## Dataset

######

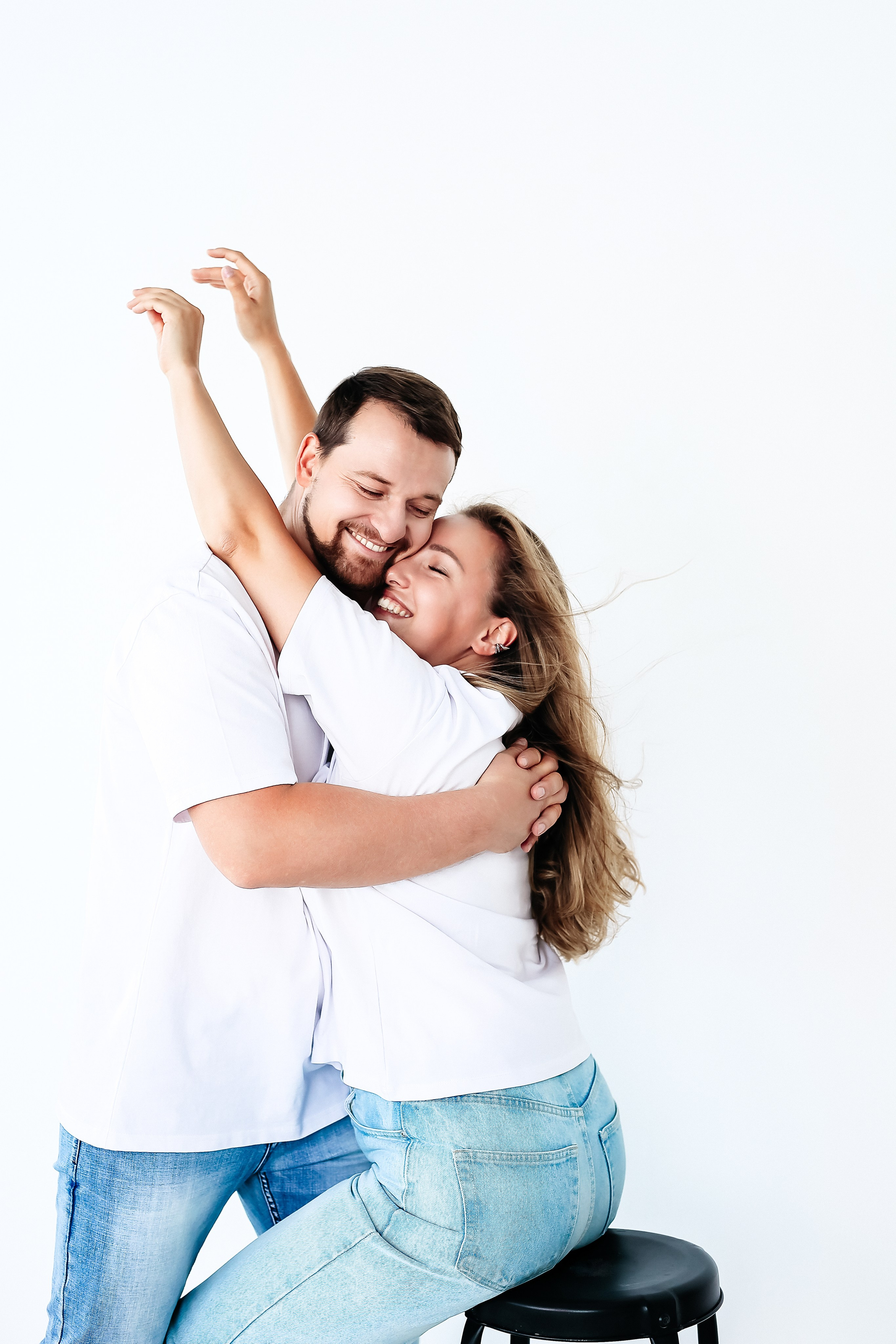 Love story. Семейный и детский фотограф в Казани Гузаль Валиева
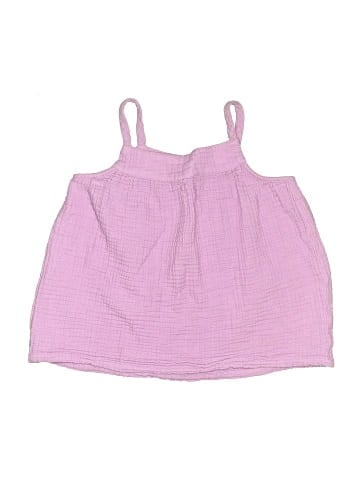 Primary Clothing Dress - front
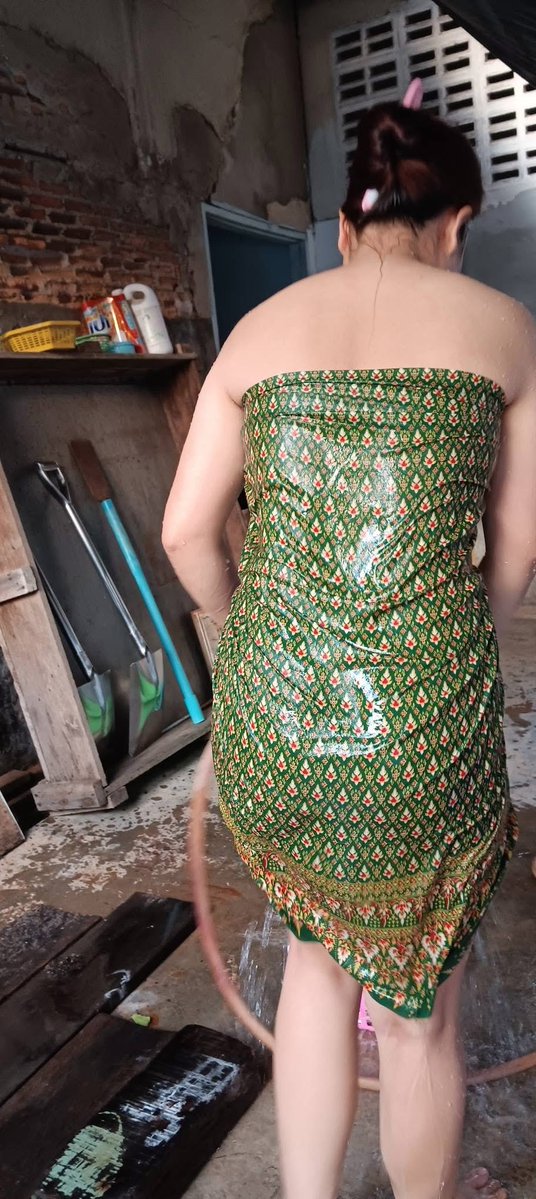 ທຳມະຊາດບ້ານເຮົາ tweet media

######

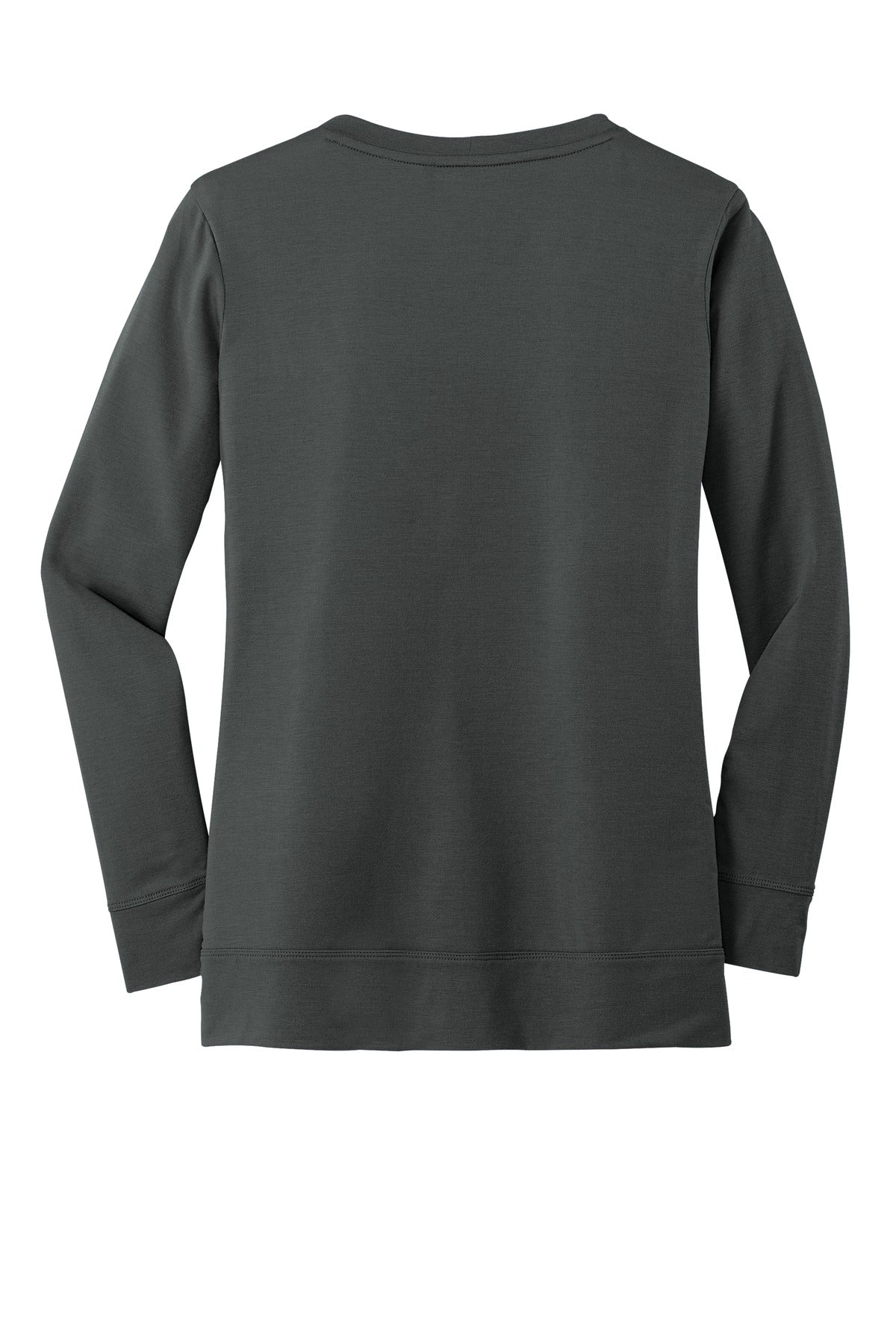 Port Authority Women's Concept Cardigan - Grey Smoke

######

## Task details
Among the entries above, take the lines from the one with "Love story. Семейный" through the one with "ທຳມະຊາດບ້ານເຮົາ tweet media" and retype them exactly, leaving out the pictures.

## Result
 Love story. Семейный и детский фотограф в Казани Гузаль Валиева
 Primary Clothing Dress - front
 ທຳມະຊາດບ້ານເຮົາ tweet media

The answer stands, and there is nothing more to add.